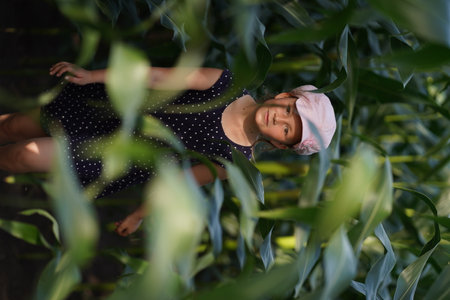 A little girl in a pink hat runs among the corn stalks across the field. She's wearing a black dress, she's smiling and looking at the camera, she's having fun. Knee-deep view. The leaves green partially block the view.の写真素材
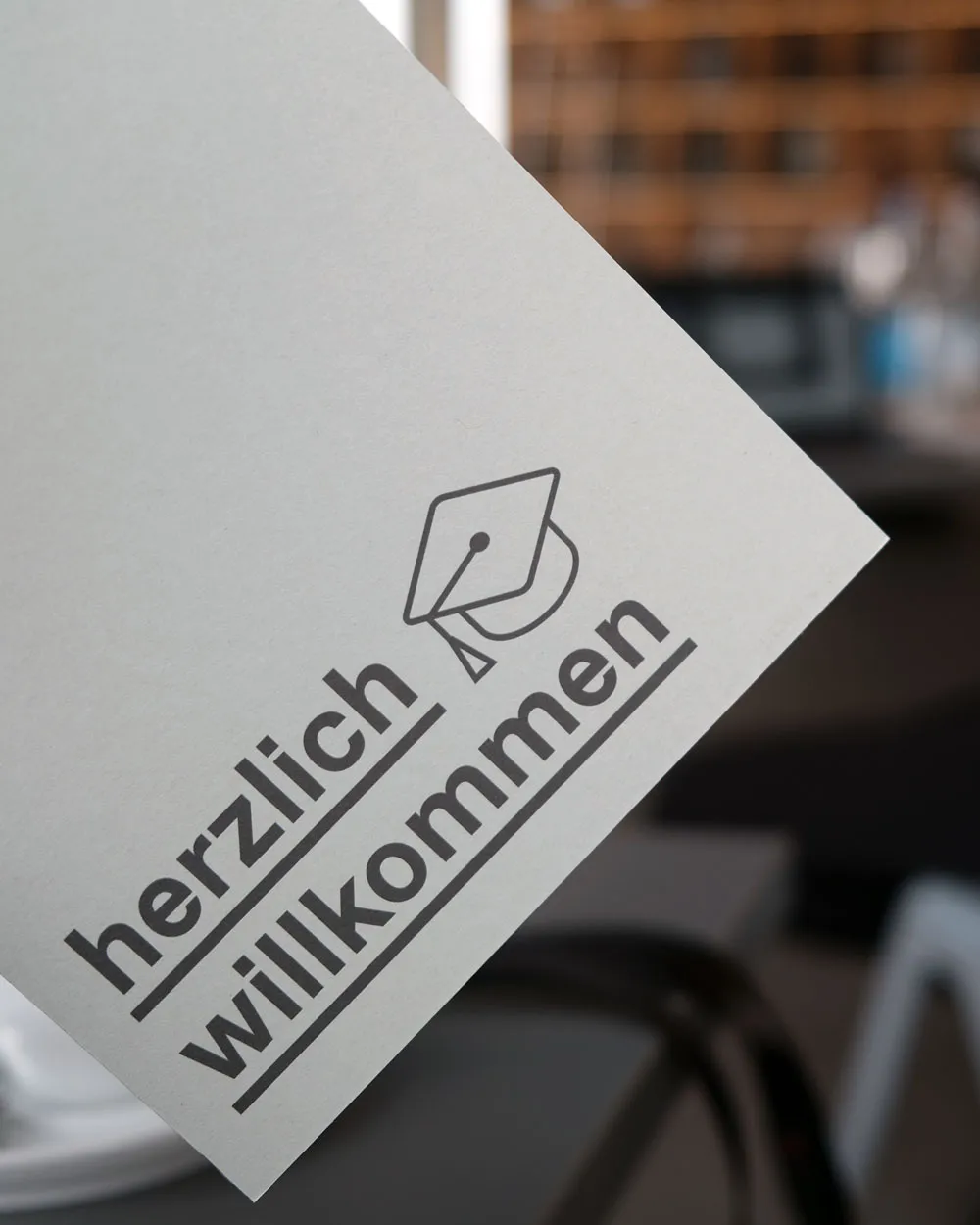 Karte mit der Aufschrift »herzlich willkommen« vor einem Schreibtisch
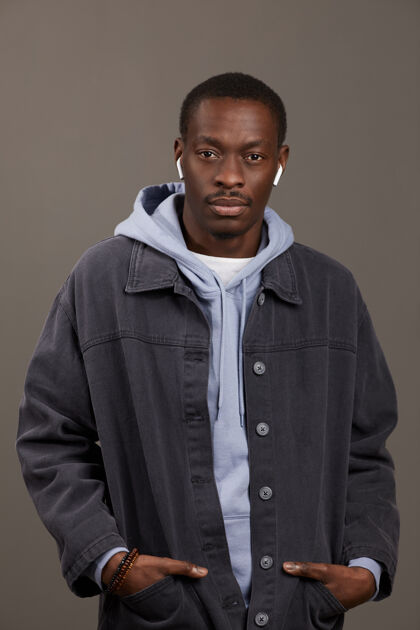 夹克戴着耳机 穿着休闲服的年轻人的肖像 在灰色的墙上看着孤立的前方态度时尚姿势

--

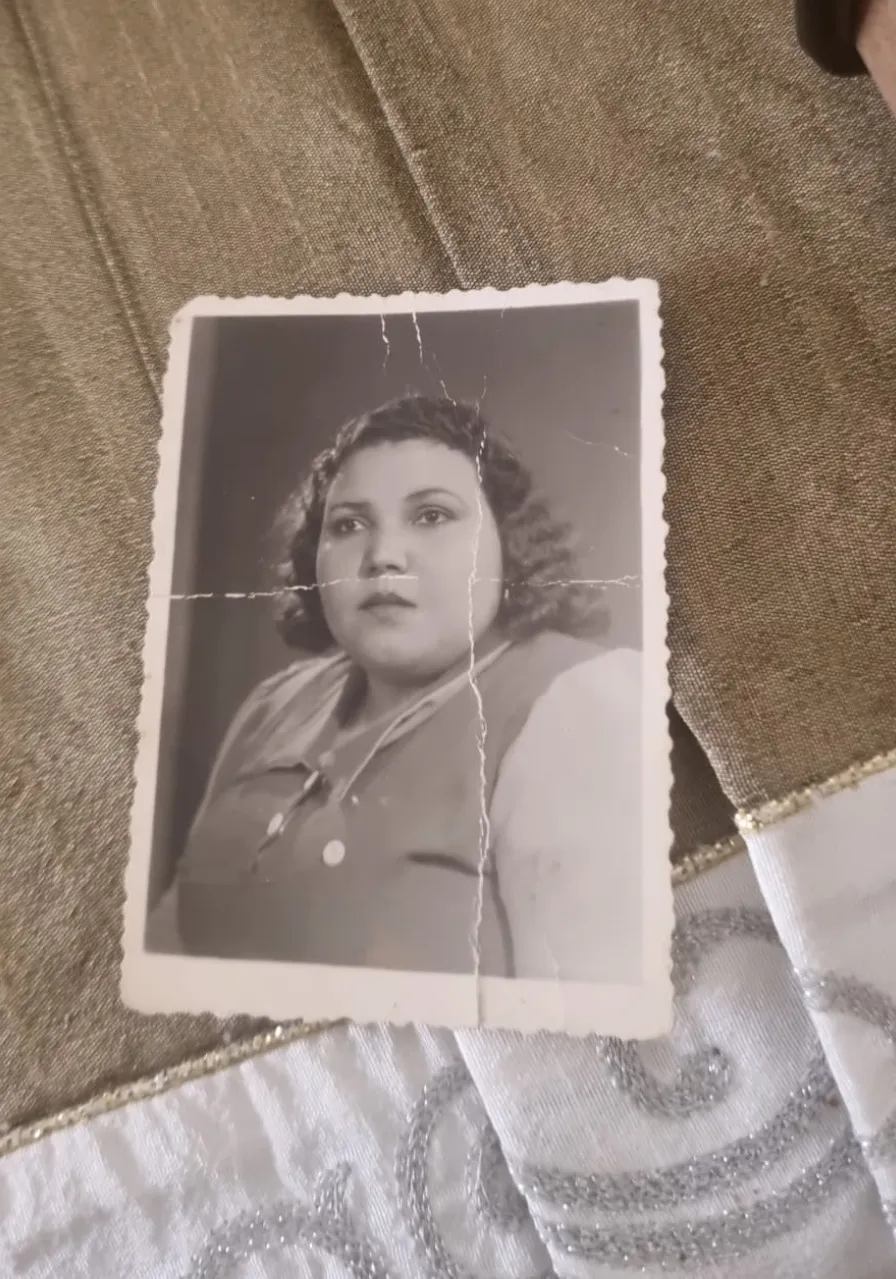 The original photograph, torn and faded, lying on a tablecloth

* * *

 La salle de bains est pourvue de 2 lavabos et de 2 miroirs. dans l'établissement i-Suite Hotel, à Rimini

ASSIGNMENT: In the data above, start at the line holding "Karte mit der" and stop after the line holding "夹克戴着耳机 穿着休闲服的年轻人的肖像 在灰色的墙上看着孤立的前方态度时尚姿势"; write out those lines exactly, without pictures.

OUTPUT OF THE TASK:
 Karte mit der Aufschrift »herzlich willkommen« vor einem Schreibtisch
 夹克戴着耳机 穿着休闲服的年轻人的肖像 在灰色的墙上看着孤立的前方态度时尚姿势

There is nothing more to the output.